On Wednesday, 12 September 2018 at 10:06:29 UTC, aliak wrote:
On Wednesday, 12 September 2018 at 01:11:59 UTC, Jonathan Marler wrote:
On Tuesday, 11 September 2018 at 19:55:33 UTC, Andre Pany wrote:
On Saturday, 8 September 2018 at 04:24:20 UTC, Jonathan Marler wrote:
I've rewritten rdmd into a new tool called "rund" and have been using it for about 4 months. It runs about twice as fast making my workflow much "snappier". It also introduces a new feature called "source directives" where you can add special comments to the beginning of your D code to set various compiler options like import paths, versions, environment variable etc. Feel free to use it, test it, provide feedback, contribute.

https://github.com/marler8997/rund

It would be great if you could create a pull request for rdmd to add the missing -i enhancement.

Kind regards
Andre

I did :)

https://github.com/dlang/tools/pull/292

Made me sad to read that and related PRs ... sigh :(

Yeah I loved working on D. But some of the people made it very difficult. So I've switched focus to other projects that use D rather than contributing to D itself.


But anyway! rund seems awesome! Thanks for it :) some questions:

Are these all the compiler directives that are supported (was not sure if they were an example or some of them or all of them from the readme):

#!/usr/bin/env rund
//!importPath <path>
//!version <version>
//!library <library_file>
//!importFilenamePath <path>
//!env <var>=<value>
//!noConfigFile
//!betterC

I love the concept of source files specifying the compiler flags they need to build.


Yeah they have proven to be very useful. I have many tools written in D and this feature allows the main source file to be a "self-contained" program. The source itself is declaring the libraries it needs, the environment, etc. And the answer is Yes, all those options are supported along with a couple I recently added `//!debug` and `//!debugSymbols`. I anticipate more will be added in the future (see https://github.com/marler8997/rund/blob/master/src/rund/directives.d)

To show how powerful they are, I include an example in the repository that can actually build DMD on the fly (assuming the c++ libraries are built beforehand).
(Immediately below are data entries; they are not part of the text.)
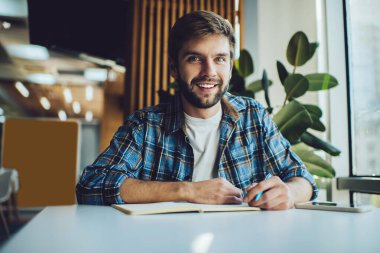 Sakallı, güler yüzlü, şık bir erkek öğrenciden ev ödevlerini yaparken uzaktan öğrenip test için hazırlanan bir not defteri.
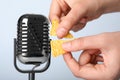 Woman making ASMR sounds with microphone and nacho chip on grey background, closeup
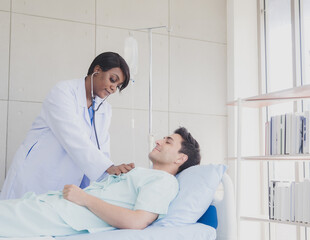 Portrait patient caucasian man lying bed with woman doctor African-American standing carer physical therapist two people talk helping support and check treat sick person inside hospital room service.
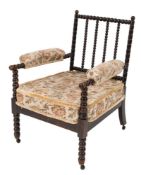 A Victorian ebonised and simulated rosewood bobbin turned armchair:,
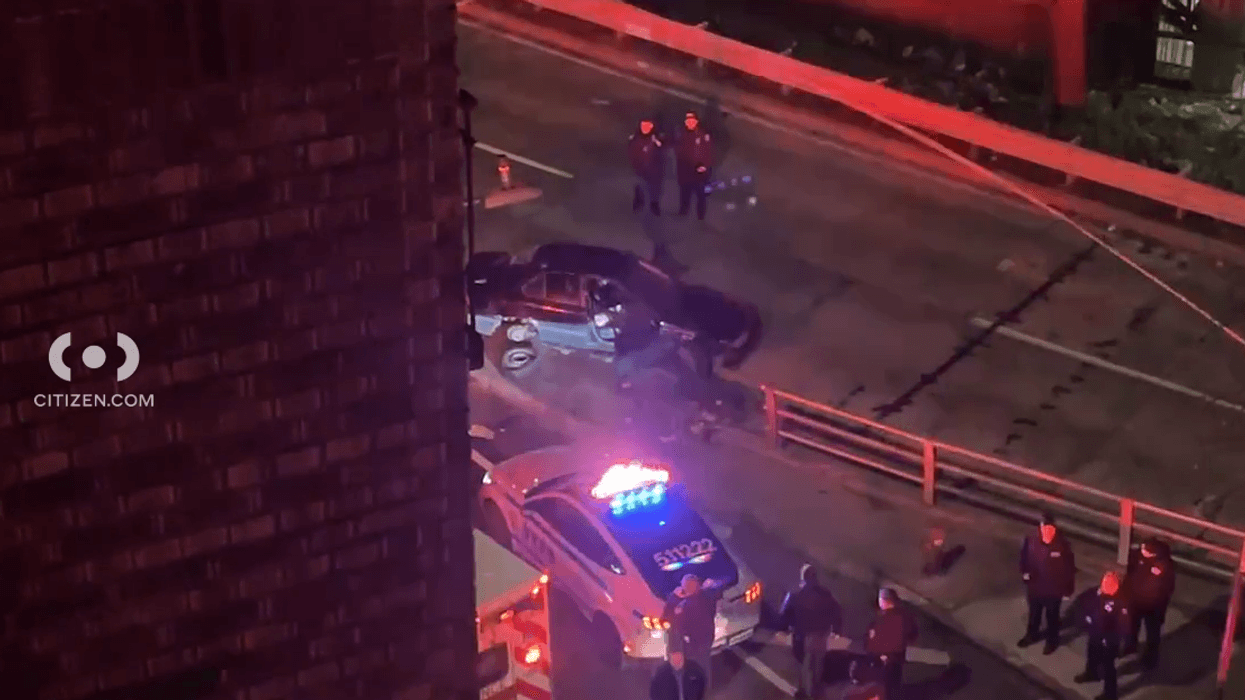 Police investigate near the suspect's disabled car, just south of the George Washington Bridge in Washington Heights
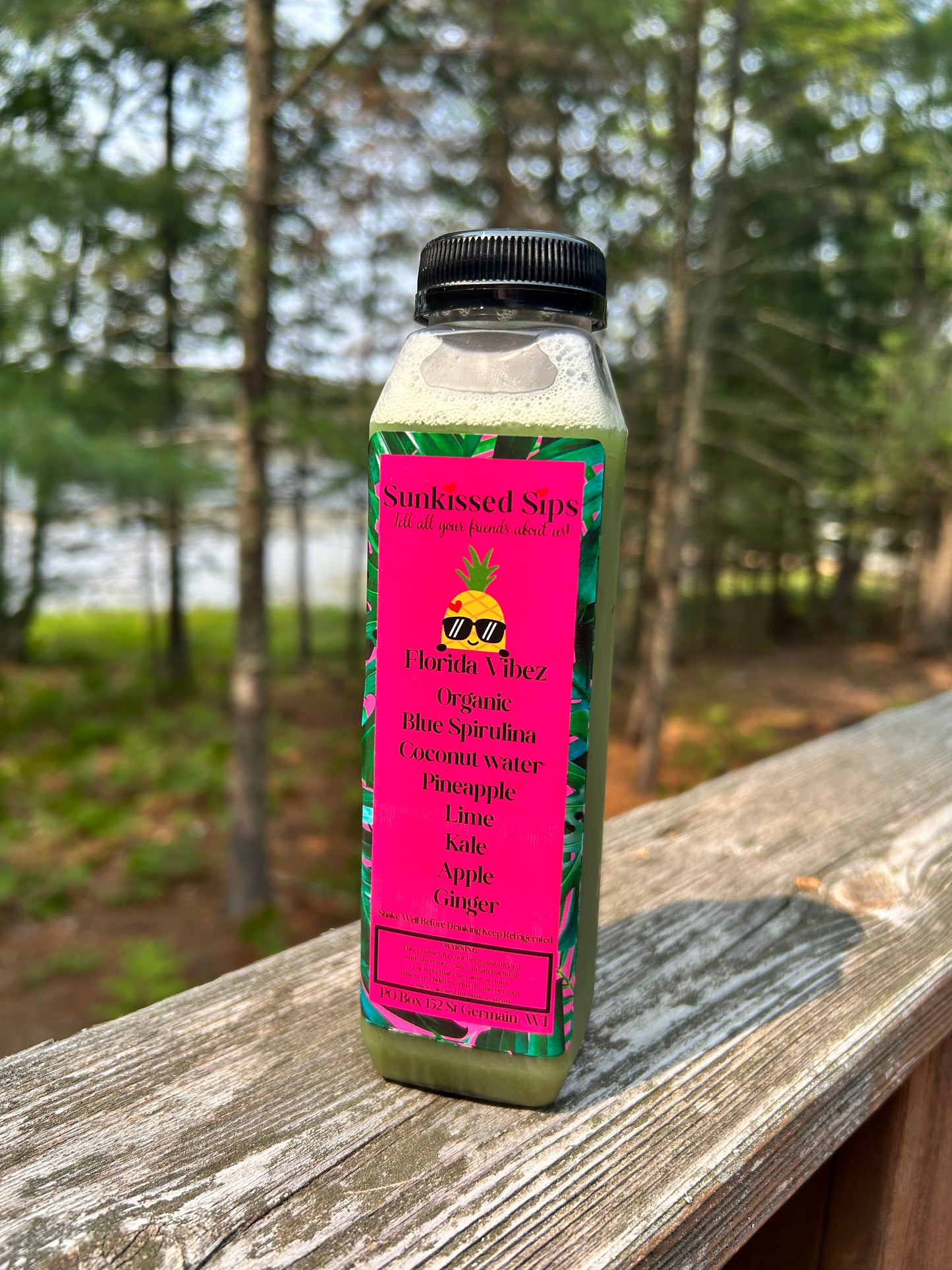 A clear plastic bottle of juice with a black cap stands on a wooden deck railing outdoors. The bottle contains a pale green liquid and has a bright pink label reading 'Sunkissed Sips' and 'Florida Blue'.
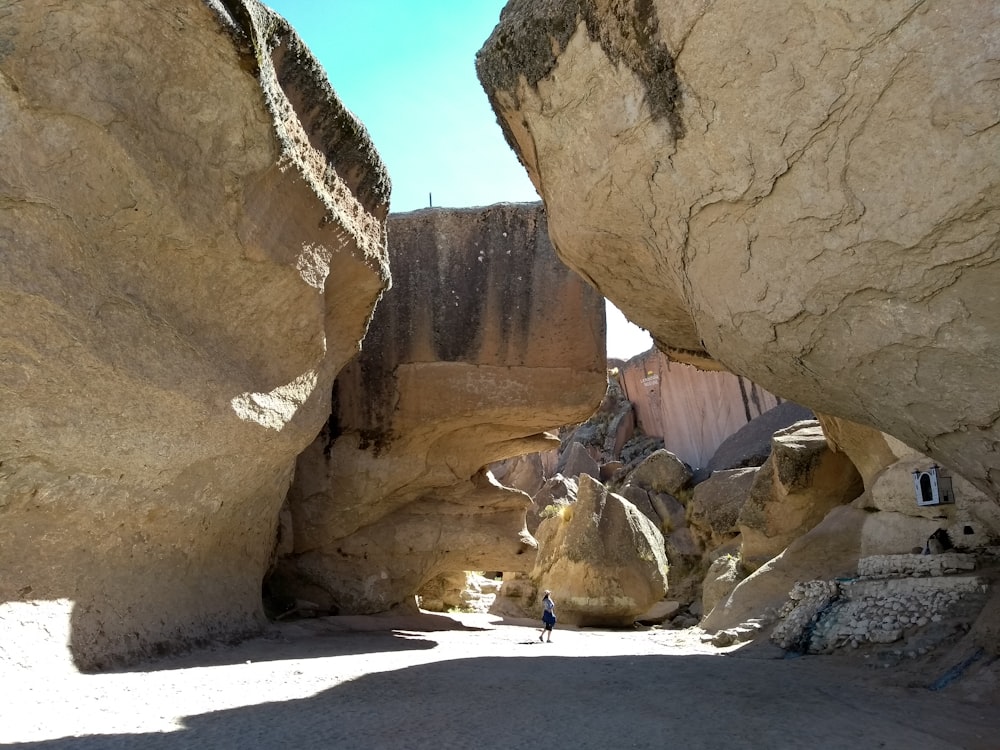 a person standing between two large rocks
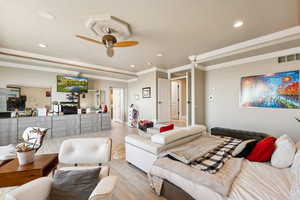 Bedroom featuring ornamental molding, light wood-style flooring, and recessed lighting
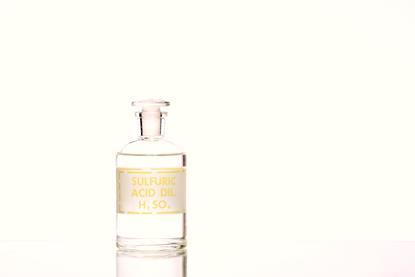 A photograph of a labelled glass bottle containing dilute sulfuric acid against a plain background
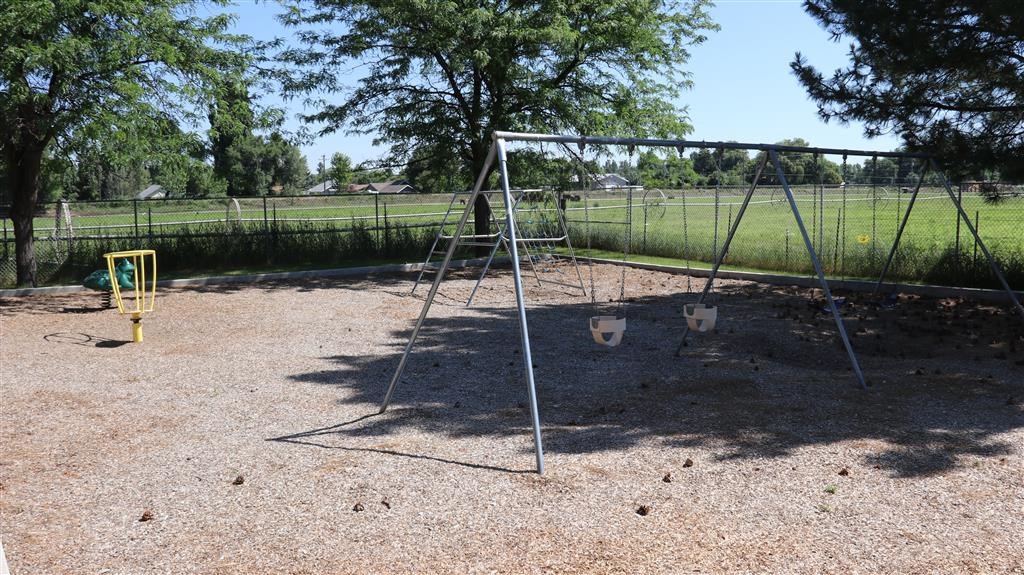 a swing set in a park with a field in the background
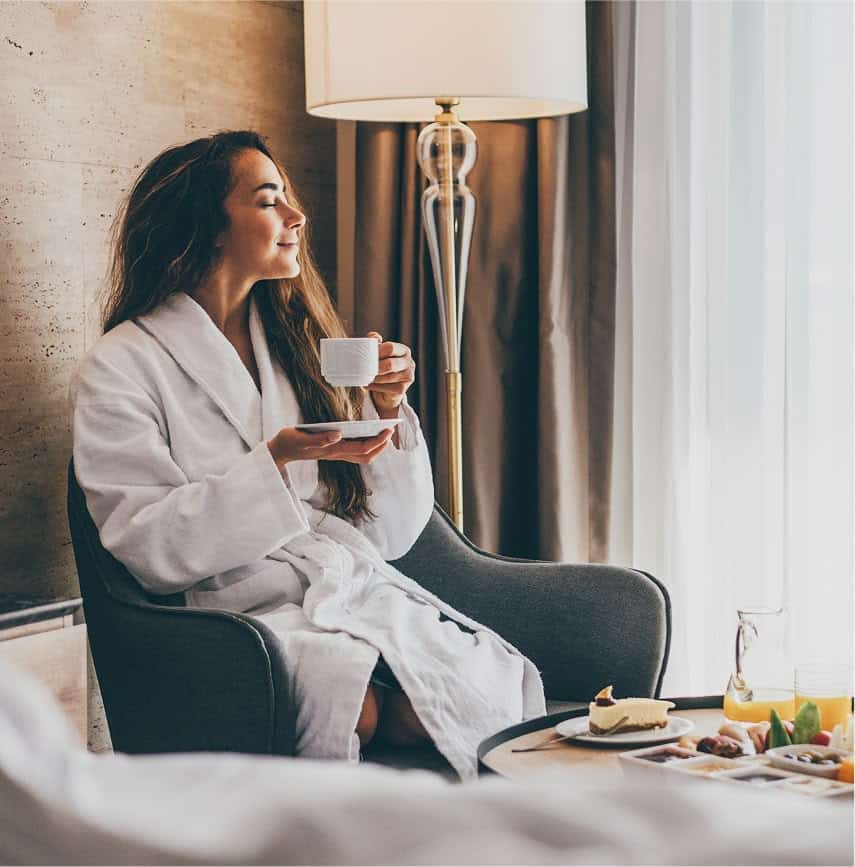 A woman in a bathrobe drinking coffee while sitting in an armchair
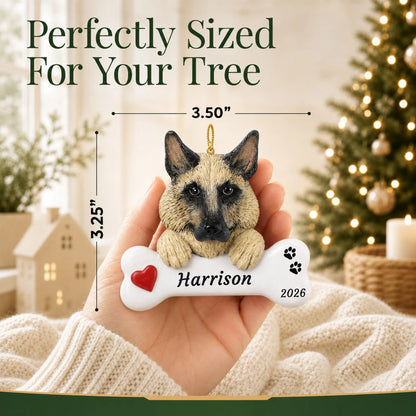 Size guide: the personalized German Shepherd Dog Bone christmas ornament is 3.50 in wide by 3.25 in tall, shown in hand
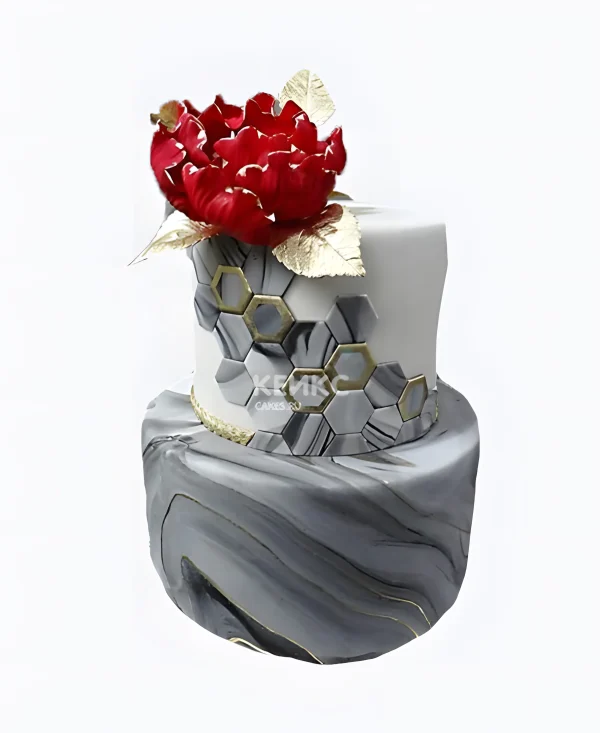 Красивый серый торт с красным украшением Фото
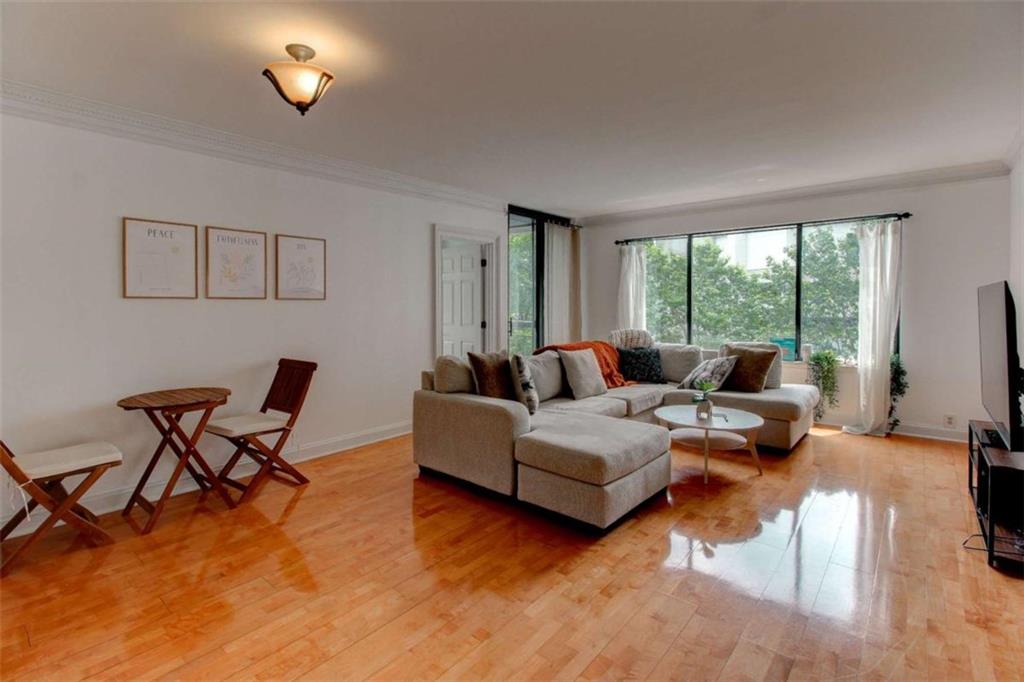 3481 Lakeside Drive Northeast, Unit 902 Atlanta, GA 30326 - Photo 1 of 43 a living room with furniture and a large window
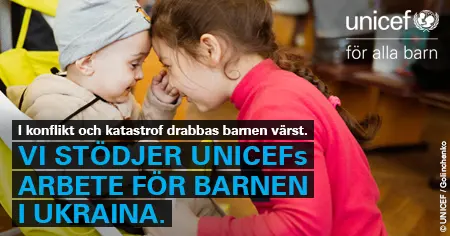 Barn i Ukraina ler mot varandra med en UNICEF-skylt som uppmanar till stöd för deras arbete i landet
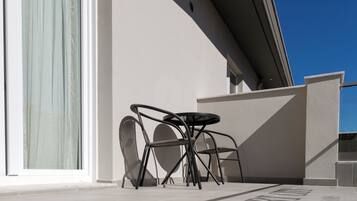 Superior Double Room, City View | Terrace/patio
https://github.com/marler8997/rund/blob/master/test/dmdwrapper.d
----------------------------------------------------------------
#!/usr/bin/env rund
//!env CC=c++
//!version MARS
//!importPath ../../dmd/src
//!importFilenamePath ../../dmd/res
//!importFilenamePath ../../dmd/generated/linux/release/64
//!library ../../dmd/generated/linux/release/64/newdelete.o
//!library ../../dmd/generated/linux/release/64/backend.a
//!library ../../dmd/generated/linux/release/64/lexer.a

/*
This wrapper can be used to compile/run dmd (with some caveats).
* You need to have the dmd repository cloned to "../../dmd" (relative to this file). * You need to have built the C libraries. You can build these libraries by building dmd. Note sure why, but through trial and error I determined that this is the minimum set of modules that I needed to import in order to successfully
include all of the symbols to compile/link dmd.
*/
import dmd.eh;
import dmd.dmsc;
import dmd.toobj;
import dmd.iasm;
----------------------------------------------------------------

Thanks for the interest. Feel free to post any requested features or issues on github.